Gaspar ganhou depois várias guerras à Economia: passou a fazer o acompanhamento dos fundos do QREN e fez uma vítima directa no sector da energia, o secretário de Estado da área, Henrique Gomes, que deixou o Governo em Março deste ano. Quem já se reuniu profissionalmente com ele conta que é correcto, simpático, tem o cuidado de ouvir todos os presentes, mas atalha o que não lhe interessa: corta a palavra com eficiência. E há uma coisa de que não gosta: “Que o contrariem. Ignora, atalha e passa à frente, a falar de outra coisa, como se nem tivesse ouvido”, conta um seu conhecido. Henrique Gomes percebeu isso directamente. Na primeira reunião com o ministro, no Verão de 2011, para debater uma contribuição que elaborara sobre as rendas excessivas na área da energia, foi apresentando argumentos técnicos, ao longo de cerca de duas horas. O ministro não contestava, mas não parecia nada convencido, pelo que resolveu juntar um argumento político: aquela era “a única boa notícia que o Governo teria para aliviar as famílias e ajudar a economia durante muito tempo”.  Gaspar não se comoveu com as famílias nem com a economia, e contrariou-o desta forma: “Então, se o argumento é político, o sucesso da privatização da EDP está em primeiro lugar.” E a reunião “acabou ali”, resume o ex-secretário de Estado.

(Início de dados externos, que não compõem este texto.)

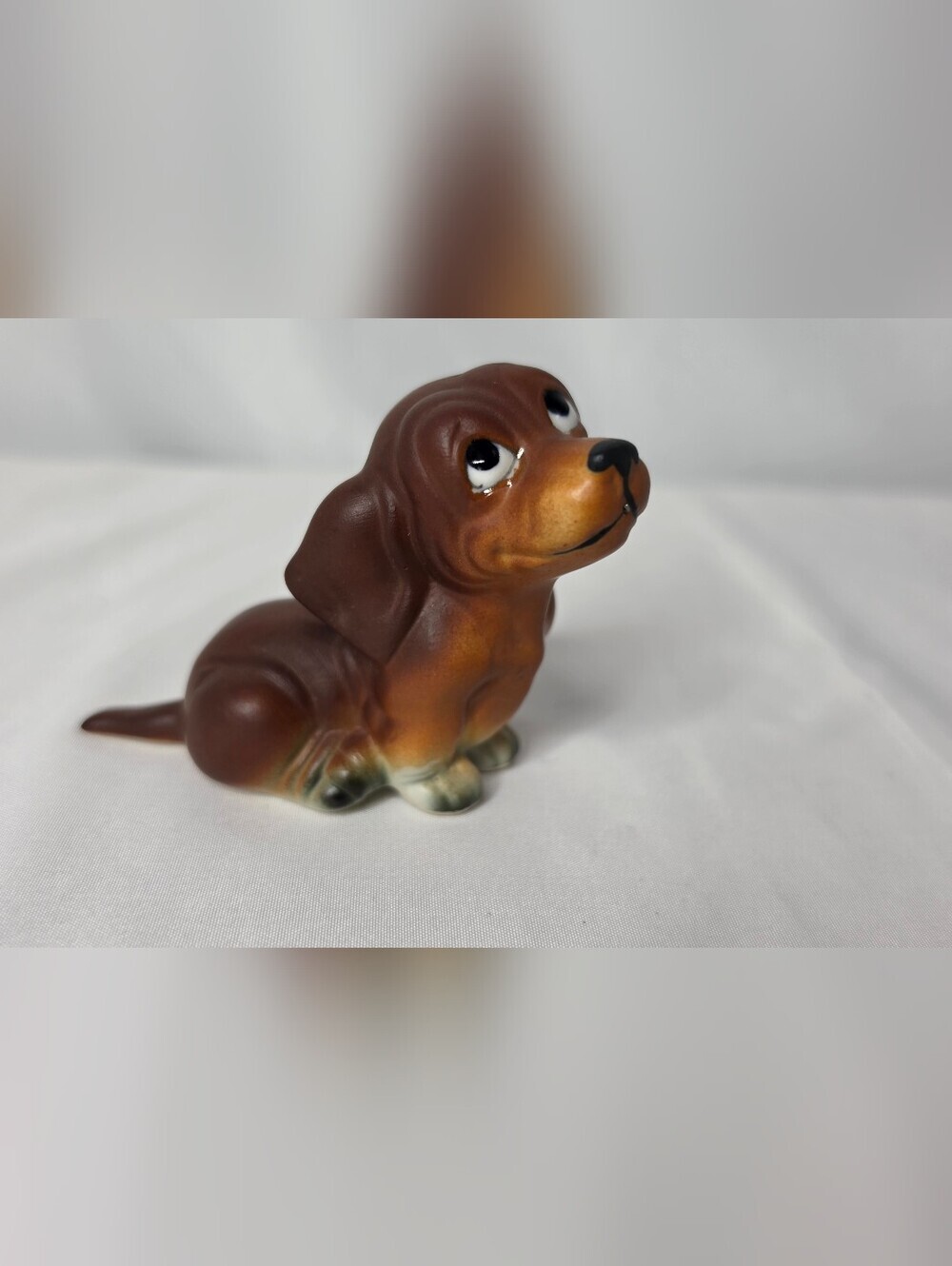 Vintage Enesco Sad Puppy Dog Figurine Ceramic Brown Sad Eyes Dachshund Hound 3"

Na origem do ascendente de Gaspar, além da situação de emergência financeira, está a confiança total de Pedro Passos Coelho. Vários sociais-democratas referem que é habitual Passos reforçar os seus argumentos com “o Vítor acha”, “o Vítor diz que” ou “o Vítor não pensa assim”. Um próximo de Passos define desta forma a relação entre os dois: “É de enorme cumplicidade e intimidade. Passos tem uma enorme admiração intelectual por ele.”
Os dois falam praticamente todos os dias e Vítor Gaspar reúne-se e almoça com alguma frequência em São Bento. Nas reuniões em que os dois estão presentes, contam vários governantes, é o primeiro-ministro quem lidera. Gaspar coloca-se num lugar secundário – ainda que depois venha a conduzir os processos no terreno.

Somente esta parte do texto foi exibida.